» ASSIGNMENT:
You are to retype all of the data exactly as it appears.

[[ EXTRACTED INFORMATION open ]]

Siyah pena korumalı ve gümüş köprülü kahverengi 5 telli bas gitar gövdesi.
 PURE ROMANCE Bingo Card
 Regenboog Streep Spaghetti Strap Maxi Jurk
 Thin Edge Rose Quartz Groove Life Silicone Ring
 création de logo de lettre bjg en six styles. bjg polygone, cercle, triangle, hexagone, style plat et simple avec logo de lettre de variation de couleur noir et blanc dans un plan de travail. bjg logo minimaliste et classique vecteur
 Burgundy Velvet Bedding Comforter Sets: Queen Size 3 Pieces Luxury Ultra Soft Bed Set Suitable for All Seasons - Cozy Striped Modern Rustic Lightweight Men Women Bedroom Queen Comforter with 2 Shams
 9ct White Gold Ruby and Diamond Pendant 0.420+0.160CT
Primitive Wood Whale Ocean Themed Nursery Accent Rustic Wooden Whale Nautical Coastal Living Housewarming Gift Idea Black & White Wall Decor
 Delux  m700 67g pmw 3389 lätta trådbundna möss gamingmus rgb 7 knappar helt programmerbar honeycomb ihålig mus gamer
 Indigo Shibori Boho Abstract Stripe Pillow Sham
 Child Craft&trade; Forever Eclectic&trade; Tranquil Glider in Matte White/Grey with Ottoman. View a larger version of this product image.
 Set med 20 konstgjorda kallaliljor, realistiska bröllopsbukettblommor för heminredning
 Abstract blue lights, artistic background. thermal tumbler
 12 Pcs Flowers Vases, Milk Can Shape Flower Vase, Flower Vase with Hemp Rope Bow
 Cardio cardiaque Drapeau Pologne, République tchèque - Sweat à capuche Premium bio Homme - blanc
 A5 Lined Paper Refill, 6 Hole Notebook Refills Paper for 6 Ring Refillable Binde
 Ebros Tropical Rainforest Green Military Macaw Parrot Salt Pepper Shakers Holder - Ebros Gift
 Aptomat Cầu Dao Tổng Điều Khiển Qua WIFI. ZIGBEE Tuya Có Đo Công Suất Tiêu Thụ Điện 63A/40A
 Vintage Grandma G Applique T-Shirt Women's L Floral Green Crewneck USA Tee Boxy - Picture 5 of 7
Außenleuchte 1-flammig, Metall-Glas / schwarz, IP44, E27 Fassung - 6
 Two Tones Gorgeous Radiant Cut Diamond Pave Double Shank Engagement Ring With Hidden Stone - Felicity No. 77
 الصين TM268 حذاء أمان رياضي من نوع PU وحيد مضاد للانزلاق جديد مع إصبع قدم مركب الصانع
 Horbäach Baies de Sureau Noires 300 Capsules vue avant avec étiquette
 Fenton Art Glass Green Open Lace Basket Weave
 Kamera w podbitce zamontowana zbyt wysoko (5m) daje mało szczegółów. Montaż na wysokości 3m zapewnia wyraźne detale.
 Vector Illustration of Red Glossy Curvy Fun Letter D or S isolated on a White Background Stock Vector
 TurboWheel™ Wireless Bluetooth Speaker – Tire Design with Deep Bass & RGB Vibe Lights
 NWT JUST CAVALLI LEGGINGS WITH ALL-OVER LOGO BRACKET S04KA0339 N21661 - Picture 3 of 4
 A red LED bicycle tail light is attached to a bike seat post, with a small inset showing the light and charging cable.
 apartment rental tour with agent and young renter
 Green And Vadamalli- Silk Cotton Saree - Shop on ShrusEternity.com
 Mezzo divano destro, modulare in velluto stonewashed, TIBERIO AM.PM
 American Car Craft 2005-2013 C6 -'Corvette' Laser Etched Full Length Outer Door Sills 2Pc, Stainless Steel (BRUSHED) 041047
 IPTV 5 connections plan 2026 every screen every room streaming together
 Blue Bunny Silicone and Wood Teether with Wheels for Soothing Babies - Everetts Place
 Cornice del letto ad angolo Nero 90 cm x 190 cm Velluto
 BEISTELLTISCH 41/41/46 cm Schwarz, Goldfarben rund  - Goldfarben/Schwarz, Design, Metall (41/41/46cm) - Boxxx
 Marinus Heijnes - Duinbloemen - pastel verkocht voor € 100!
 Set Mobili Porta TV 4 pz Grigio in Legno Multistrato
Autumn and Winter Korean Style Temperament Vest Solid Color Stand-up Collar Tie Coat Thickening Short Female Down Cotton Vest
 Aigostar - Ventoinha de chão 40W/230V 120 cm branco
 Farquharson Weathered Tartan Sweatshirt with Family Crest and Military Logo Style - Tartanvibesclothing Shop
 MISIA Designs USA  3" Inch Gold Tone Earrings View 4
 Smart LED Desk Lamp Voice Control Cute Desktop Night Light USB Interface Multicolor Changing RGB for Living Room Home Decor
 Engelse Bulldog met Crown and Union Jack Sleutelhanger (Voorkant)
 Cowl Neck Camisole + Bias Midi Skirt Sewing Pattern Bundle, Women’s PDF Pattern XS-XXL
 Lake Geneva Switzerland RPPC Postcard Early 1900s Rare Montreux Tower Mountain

[[ EXTRACTED INFORMATION closed ]]

» RESPONSE BOX:
Siyah pena korumalı ve gümüş köprülü kahverengi 5 telli bas gitar gövdesi.
 PURE ROMANCE Bingo Card
 Regenboog Streep Spaghetti Strap Maxi Jurk
 Thin Edge Rose Quartz Groove Life Silicone Ring
 création de logo de lettre bjg en six styles. bjg polygone, cercle, triangle, hexagone, style plat et simple avec logo de lettre de variation de couleur noir et blanc dans un plan de travail. bjg logo minimaliste et classique vecteur
 Burgundy Velvet Bedding Comforter Sets: Queen Size 3 Pieces Luxury Ultra Soft Bed Set Suitable for All Seasons - Cozy Striped Modern Rustic Lightweight Men Women Bedroom Queen Comforter with 2 Shams
 9ct White Gold Ruby and Diamond Pendant 0.420+0.160CT
Primitive Wood Whale Ocean Themed Nursery Accent Rustic Wooden Whale Nautical Coastal Living Housewarming Gift Idea Black & White Wall Decor
 Delux  m700 67g pmw 3389 lätta trådbundna möss gamingmus rgb 7 knappar helt programmerbar honeycomb ihålig mus gamer
 Indigo Shibori Boho Abstract Stripe Pillow Sham
 Child Craft&trade; Forever Eclectic&trade; Tranquil Glider in Matte White/Grey with Ottoman. View a larger version of this product image.
 Set med 20 konstgjorda kallaliljor, realistiska bröllopsbukettblommor för heminredning
 Abstract blue lights, artistic background. thermal tumbler
 12 Pcs Flowers Vases, Milk Can Shape Flower Vase, Flower Vase with Hemp Rope Bow
 Cardio cardiaque Drapeau Pologne, République tchèque - Sweat à capuche Premium bio Homme - blanc
 A5 Lined Paper Refill, 6 Hole Notebook Refills Paper for 6 Ring Refillable Binde
 Ebros Tropical Rainforest Green Military Macaw Parrot Salt Pepper Shakers Holder - Ebros Gift
 Aptomat Cầu Dao Tổng Điều Khiển Qua WIFI. ZIGBEE Tuya Có Đo Công Suất Tiêu Thụ Điện 63A/40A
 Vintage Grandma G Applique T-Shirt Women's L Floral Green Crewneck USA Tee Boxy - Picture 5 of 7
Außenleuchte 1-flammig, Metall-Glas / schwarz, IP44, E27 Fassung - 6
 Two Tones Gorgeous Radiant Cut Diamond Pave Double Shank Engagement Ring With Hidden Stone - Felicity No. 77
 الصين TM268 حذاء أمان رياضي من نوع PU وحيد مضاد للانزلاق جديد مع إصبع قدم مركب الصانع
 Horbäach Baies de Sureau Noires 300 Capsules vue avant avec étiquette
 Fenton Art Glass Green Open Lace Basket Weave
 Kamera w podbitce zamontowana zbyt wysoko (5m) daje mało szczegółów. Montaż na wysokości 3m zapewnia wyraźne detale.
 Vector Illustration of Red Glossy Curvy Fun Letter D or S isolated on a White Background Stock Vector
 TurboWheel™ Wireless Bluetooth Speaker – Tire Design with Deep Bass & RGB Vibe Lights
 NWT JUST CAVALLI LEGGINGS WITH ALL-OVER LOGO BRACKET S04KA0339 N21661 - Picture 3 of 4
 A red LED bicycle tail light is attached to a bike seat post, with a small inset showing the light and charging cable.
 apartment rental tour with agent and young renter
 Green And Vadamalli- Silk Cotton Saree - Shop on ShrusEternity.com
 Mezzo divano destro, modulare in velluto stonewashed, TIBERIO AM.PM
 American Car Craft 2005-2013 C6 -'Corvette' Laser Etched Full Length Outer Door Sills 2Pc, Stainless Steel (BRUSHED) 041047
 IPTV 5 connections plan 2026 every screen every room streaming together
 Blue Bunny Silicone and Wood Teether with Wheels for Soothing Babies - Everetts Place
 Cornice del letto ad angolo Nero 90 cm x 190 cm Velluto
 BEISTELLTISCH 41/41/46 cm Schwarz, Goldfarben rund  - Goldfarben/Schwarz, Design, Metall (41/41/46cm) - Boxxx
 Marinus Heijnes - Duinbloemen - pastel verkocht voor € 100!
 Set Mobili Porta TV 4 pz Grigio in Legno Multistrato
Autumn and Winter Korean Style Temperament Vest Solid Color Stand-up Collar Tie Coat Thickening Short Female Down Cotton Vest
 Aigostar - Ventoinha de chão 40W/230V 120 cm branco
 Farquharson Weathered Tartan Sweatshirt with Family Crest and Military Logo Style - Tartanvibesclothing Shop
 MISIA Designs USA  3" Inch Gold Tone Earrings View 4
 Smart LED Desk Lamp Voice Control Cute Desktop Night Light USB Interface Multicolor Changing RGB for Living Room Home Decor
 Engelse Bulldog met Crown and Union Jack Sleutelhanger (Voorkant)
 Cowl Neck Camisole + Bias Midi Skirt Sewing Pattern Bundle, Women’s PDF Pattern XS-XXL
 Lake Geneva Switzerland RPPC Postcard Early 1900s Rare Montreux Tower Mountain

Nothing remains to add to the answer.